─── Given information

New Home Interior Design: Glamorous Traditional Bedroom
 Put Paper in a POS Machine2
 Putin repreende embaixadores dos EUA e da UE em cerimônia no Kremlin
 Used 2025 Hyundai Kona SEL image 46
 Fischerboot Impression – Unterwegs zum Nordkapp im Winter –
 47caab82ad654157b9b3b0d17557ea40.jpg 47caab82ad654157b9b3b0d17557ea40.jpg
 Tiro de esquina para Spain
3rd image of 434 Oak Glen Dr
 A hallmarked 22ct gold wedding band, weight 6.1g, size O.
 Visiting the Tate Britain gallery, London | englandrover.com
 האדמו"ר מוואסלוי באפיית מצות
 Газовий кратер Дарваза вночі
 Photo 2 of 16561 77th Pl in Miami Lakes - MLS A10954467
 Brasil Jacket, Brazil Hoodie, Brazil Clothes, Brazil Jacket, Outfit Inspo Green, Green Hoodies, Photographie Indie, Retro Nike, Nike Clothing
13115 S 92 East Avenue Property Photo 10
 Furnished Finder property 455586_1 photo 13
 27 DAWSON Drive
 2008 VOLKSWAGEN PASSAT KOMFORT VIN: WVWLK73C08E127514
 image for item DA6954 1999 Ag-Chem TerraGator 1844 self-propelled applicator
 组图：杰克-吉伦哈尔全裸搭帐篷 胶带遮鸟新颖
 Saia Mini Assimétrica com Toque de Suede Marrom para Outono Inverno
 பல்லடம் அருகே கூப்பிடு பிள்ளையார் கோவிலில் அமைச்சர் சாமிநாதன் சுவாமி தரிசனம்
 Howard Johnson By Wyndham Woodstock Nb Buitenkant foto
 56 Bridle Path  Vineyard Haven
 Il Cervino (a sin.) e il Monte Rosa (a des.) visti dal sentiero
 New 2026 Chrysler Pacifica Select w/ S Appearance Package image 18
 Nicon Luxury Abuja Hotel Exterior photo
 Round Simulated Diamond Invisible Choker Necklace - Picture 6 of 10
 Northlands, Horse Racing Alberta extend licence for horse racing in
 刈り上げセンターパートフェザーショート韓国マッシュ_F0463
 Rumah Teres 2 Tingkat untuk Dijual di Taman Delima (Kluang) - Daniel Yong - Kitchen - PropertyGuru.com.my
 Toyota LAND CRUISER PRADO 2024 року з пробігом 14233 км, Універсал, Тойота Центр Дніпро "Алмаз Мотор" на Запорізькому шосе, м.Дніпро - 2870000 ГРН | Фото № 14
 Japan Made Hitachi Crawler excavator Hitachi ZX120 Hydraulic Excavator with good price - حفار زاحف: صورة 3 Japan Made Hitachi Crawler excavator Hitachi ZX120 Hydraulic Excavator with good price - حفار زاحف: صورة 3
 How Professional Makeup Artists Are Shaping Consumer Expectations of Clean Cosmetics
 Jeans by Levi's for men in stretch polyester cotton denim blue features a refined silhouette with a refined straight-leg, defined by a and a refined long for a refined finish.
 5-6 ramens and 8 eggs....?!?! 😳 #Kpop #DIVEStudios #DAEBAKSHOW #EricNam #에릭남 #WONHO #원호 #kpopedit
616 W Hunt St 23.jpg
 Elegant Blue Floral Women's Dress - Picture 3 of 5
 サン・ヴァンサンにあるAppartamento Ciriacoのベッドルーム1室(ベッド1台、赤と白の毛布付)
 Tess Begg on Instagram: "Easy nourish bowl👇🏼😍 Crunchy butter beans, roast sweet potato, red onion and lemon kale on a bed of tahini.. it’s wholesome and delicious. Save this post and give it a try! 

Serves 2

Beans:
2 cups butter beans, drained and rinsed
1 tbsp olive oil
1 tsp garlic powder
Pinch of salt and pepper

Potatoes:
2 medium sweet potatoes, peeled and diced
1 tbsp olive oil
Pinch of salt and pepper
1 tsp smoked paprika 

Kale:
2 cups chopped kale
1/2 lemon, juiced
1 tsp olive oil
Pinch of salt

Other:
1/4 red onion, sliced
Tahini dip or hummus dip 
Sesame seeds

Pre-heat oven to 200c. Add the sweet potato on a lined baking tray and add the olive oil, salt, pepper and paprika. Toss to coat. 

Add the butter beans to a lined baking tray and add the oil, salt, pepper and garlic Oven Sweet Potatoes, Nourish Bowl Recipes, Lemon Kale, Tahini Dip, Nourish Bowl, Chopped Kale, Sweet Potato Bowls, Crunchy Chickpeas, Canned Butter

──────

=== Exercise objective ===
Extract the lines above, from the first one through the one containing "13115 S 92 East Avenue Property Photo 10", and return only those, unchanged.

=== Written answer ===
New Home Interior Design: Glamorous Traditional Bedroom
 Put Paper in a POS Machine2
 Putin repreende embaixadores dos EUA e da UE em cerimônia no Kremlin
 Used 2025 Hyundai Kona SEL image 46
 Fischerboot Impression – Unterwegs zum Nordkapp im Winter –
 47caab82ad654157b9b3b0d17557ea40.jpg 47caab82ad654157b9b3b0d17557ea40.jpg
 Tiro de esquina para Spain
3rd image of 434 Oak Glen Dr
 A hallmarked 22ct gold wedding band, weight 6.1g, size O.
 Visiting the Tate Britain gallery, London | englandrover.com
 האדמו"ר מוואסלוי באפיית מצות
 Газовий кратер Дарваза вночі
 Photo 2 of 16561 77th Pl in Miami Lakes - MLS A10954467
 Brasil Jacket, Brazil Hoodie, Brazil Clothes, Brazil Jacket, Outfit Inspo Green, Green Hoodies, Photographie Indie, Retro Nike, Nike Clothing
13115 S 92 East Avenue Property Photo 10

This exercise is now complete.